Treatment for patients that fall into this category should be provided all treatments in Stage A. Your doctor may also consider valve repair/replacement surgery or coronary artery bypass surgery.

Stage C

  • Definition

Stage C includes patients who have been diagnosed with systolic heart failure, and who currently have or previously had symptoms of fatigue, difficulty exercising, and shortness of breath.

  • Treatment

Heart failure treatment for these patients should include all treatments recommended for Stage A. Other treatments may include medications such as diuretics (water pills), an aldosterone inhibitor, hydralazine or nitrates, as well as discontinuation of drugs that may make CHF symptoms worse, restriction of fluids and sodium, and weight monitoring.

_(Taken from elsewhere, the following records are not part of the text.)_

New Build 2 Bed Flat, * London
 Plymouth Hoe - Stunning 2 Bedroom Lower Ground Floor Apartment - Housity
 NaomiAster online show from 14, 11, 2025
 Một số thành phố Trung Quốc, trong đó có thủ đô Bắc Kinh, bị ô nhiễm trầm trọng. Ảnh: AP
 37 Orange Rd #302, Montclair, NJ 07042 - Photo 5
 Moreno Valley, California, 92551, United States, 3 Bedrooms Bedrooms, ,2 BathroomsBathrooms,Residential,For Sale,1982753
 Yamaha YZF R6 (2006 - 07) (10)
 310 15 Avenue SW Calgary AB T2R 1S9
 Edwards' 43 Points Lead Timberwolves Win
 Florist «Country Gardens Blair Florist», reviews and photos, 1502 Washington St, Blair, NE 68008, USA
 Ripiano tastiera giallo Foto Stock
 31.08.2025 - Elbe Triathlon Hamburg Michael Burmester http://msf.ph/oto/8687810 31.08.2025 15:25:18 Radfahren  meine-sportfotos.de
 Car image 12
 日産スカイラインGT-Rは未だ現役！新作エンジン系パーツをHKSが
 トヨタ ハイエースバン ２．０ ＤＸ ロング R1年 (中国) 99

Biventricular placing or implantation of a defibrillator may also be recommended.

Stage D

  • Definition

Stage D includes those who continue to suffer CHF symptoms after receiving treatment and have been diagnosed with systolic heart failure.

  • Treatment

Treatments include all listed for stages A, B and C, as well as evaluation for the following treatment options: surgery, heart transplant, ventricular assist devices, research therapies, IV heart pump drugs and end of life care.

Congestive Heart Failure Prognosis

It is important to seek medical care as soon as possible if you at risk of developing CHF as a result of having other health conditions, such as hypertension or diabetes, or have experienced any symptoms of heart failure. The sooner you are diagnosed, the better the prognosis. Surgery and/or medication are viable treatment options for improvement.